Door-to-door campaign for Karcher Artspace
BY DAN MORAN dmoran@stmedianetwork.com April 8, 2011 8:14PM
The Illinois Housing Development Authority awarded a $9.3 million grant to convert the nine-story Karcher Hotel building, located at 405 Washington Street in Waukegan, into 36 lofts through the nonprofit Artspace Projects Inc. | Ryan Pagelow~Sun-Times Media
Updated: June 8, 2011 4:46AM
Volunteers plan to start a door-to-door campaign this weekend to help put a dent in the private-sector money needed to complete the proposed renovation of the Karcher Hotel on Washington Street.
Waukegan Main Street executive director Violet Ricker said around 30 volunteers from her organization, Waukegan High School and St. Martin de Porres High School will visit residences in the 6th and 7th wards during the first of four scheduled Saturdays intended to cover the entire city.
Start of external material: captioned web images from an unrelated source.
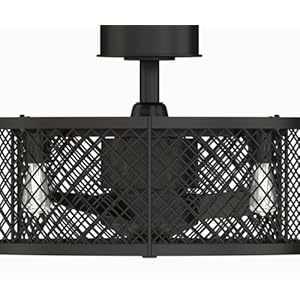 Fanimation Studio Collection LP8350BLAZ Vintere Caged Ceiling Fan with LED Light Kit 20 Inch Aged Bronze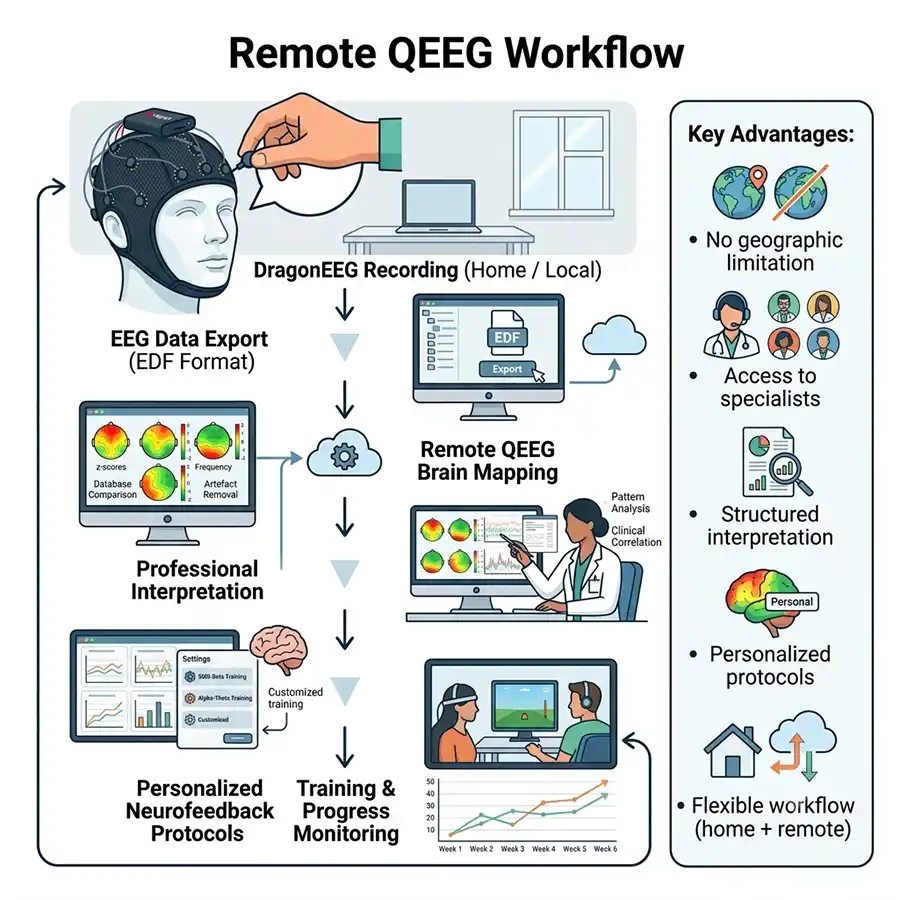 Remote QEEG Workflow
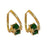 1 Pair Copper Magnetherapy Germanium Earrings Colorful Lymphvity Magnetherapy Earring Luxury Weight Loss Earring Women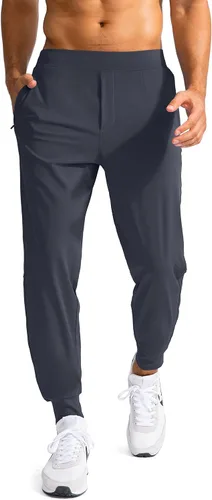Vista 2 de G Gradual Pantalones deportivos de golf para hombre con bolsillos con cremallera, pantalones elásticos ajustados para correr, para hombre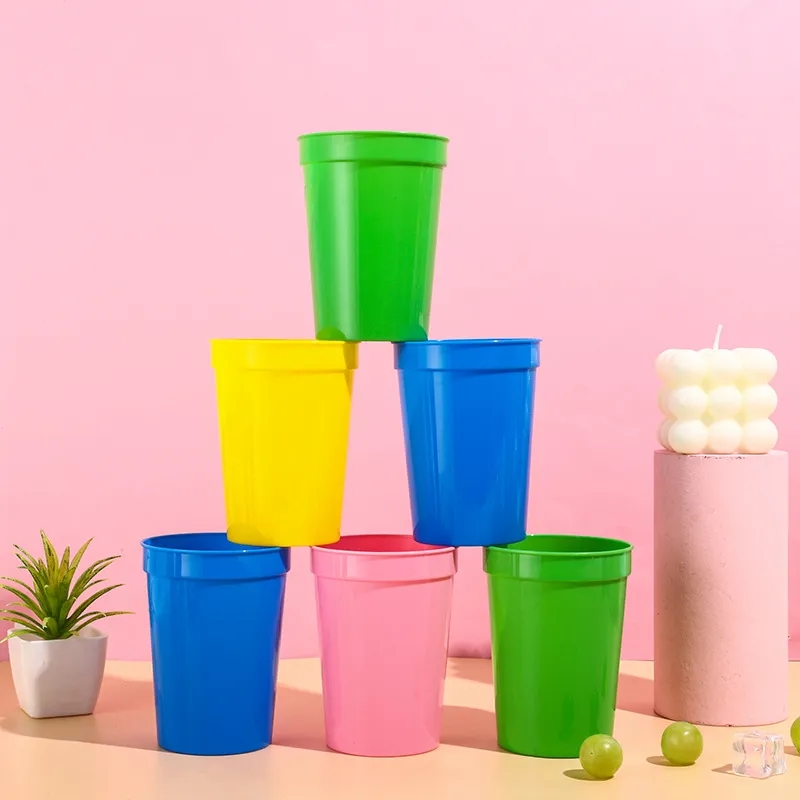 Wholesale BPA Free Reusable Plastic Cups 12oz 9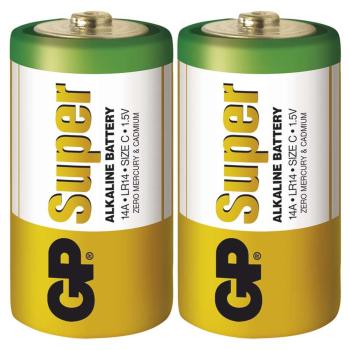 EMOS Alkalická batéria GP Super C (LR14), 2ks B1330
“We’re going to ask everybody in Waukegan for $5,” Ricker said. “We’re hoping to make this more of a grass-roots, community-based project.”
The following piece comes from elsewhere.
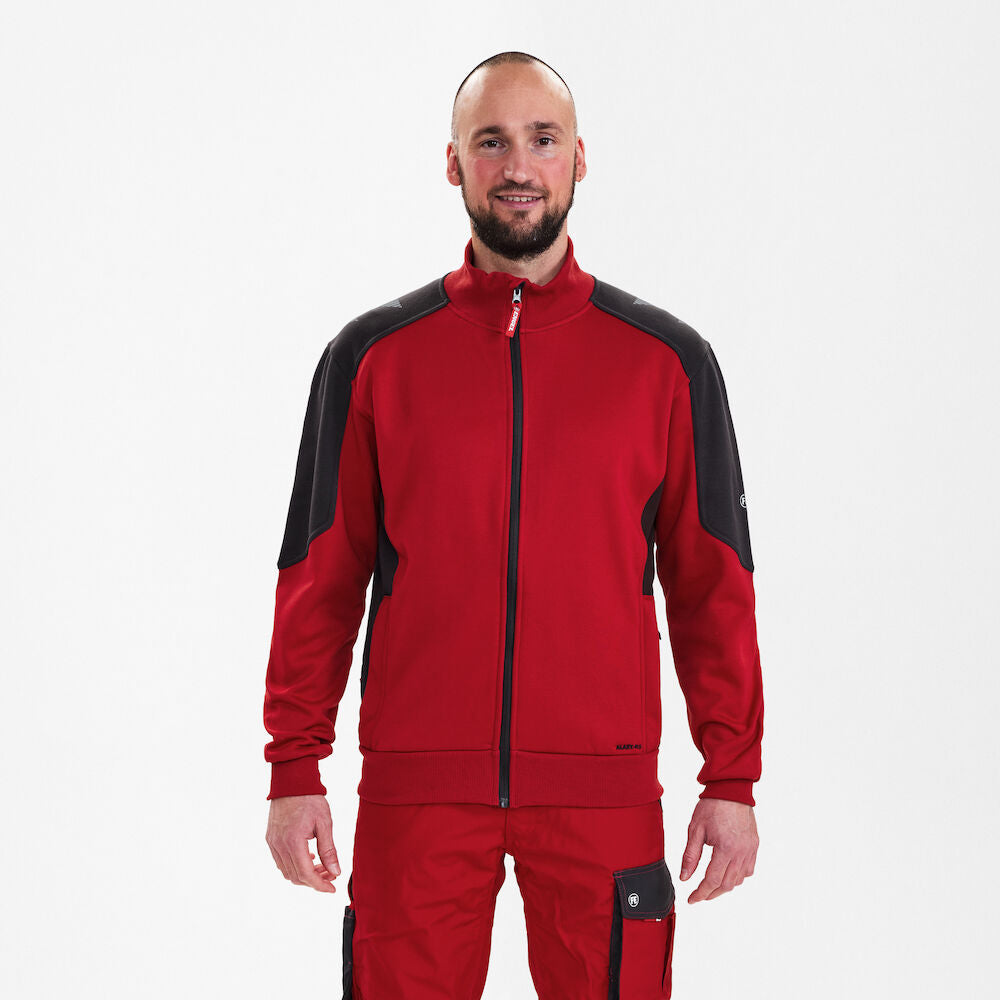 Galaxy sweat cardigan, Rød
The final funding component of the proposed $12.5 million renovation by Artspace Projects Inc. is $500,000 in “private philanthropic sources,” according to a case for support posted by the organization at artspacewaukegan.org.
Artspace Director of Property Development Heidi Kurtze told the City Council in late February that the funding gap was between $450,000 and $200,000. On Thursday, Ricker reported that $65,000 is in hand and another $150,000 has been pledged from foundations and corporations.
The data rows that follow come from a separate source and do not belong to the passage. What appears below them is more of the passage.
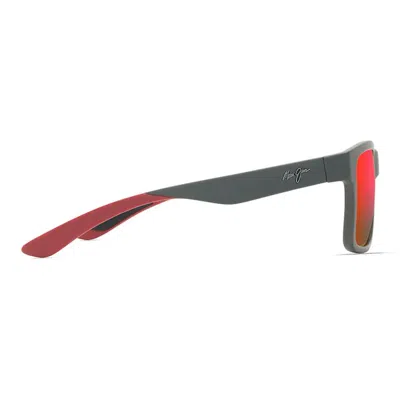 Maui Jim One Way Square-frame Sunglasses In Gray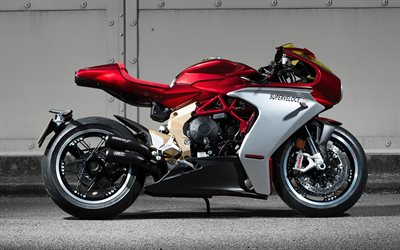 MV Agusta Superveloce 800 Serie Oro, 4k, side view, 2020 bikes, superbikes, italian motorcycles, MV Agusta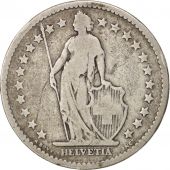 Suisse, 2 Francs, 1874, Bern, B+, Argent, KM:21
Ricker also said Thursday that the money from the capital campaign is “coming in little by little. We’re trying to get some big donors and corporations to give us $1,000 or $5,000 at a time, and it’s going, but it’s going slow.”
She added that the volunteers on Saturday will be wearing custom t-shirts and will have flyers detailing the Karcher Lofts project, an approach that she said is designed to both educate residents who are unaware of the effort and reassure potential donors about the legitimacy of the campaign.
Artspace has already secured $9.23 million in low-income tax credits from the Illinois Housing Development Authority, $550,000 from downtown-redevelopment sales tax revenue, and $1.7 million in tax-increment financing over 20 years.
The proposal calls for 36 live/work units for artists and 2,400 square feet of commercial/retail space in the 83-year-old Karcher, which has been boarded up since a December 1984 fire.
“Artspace projects pay taxes, operate in the black (and) require no ongoing philanthropic support,” the project outline states. “All Artspace projects are structured to be financially self-sustaining. This is chiefly because our business model does not rely on borrowing beyond a modest first mortgage that can be amortized by tenant rents.”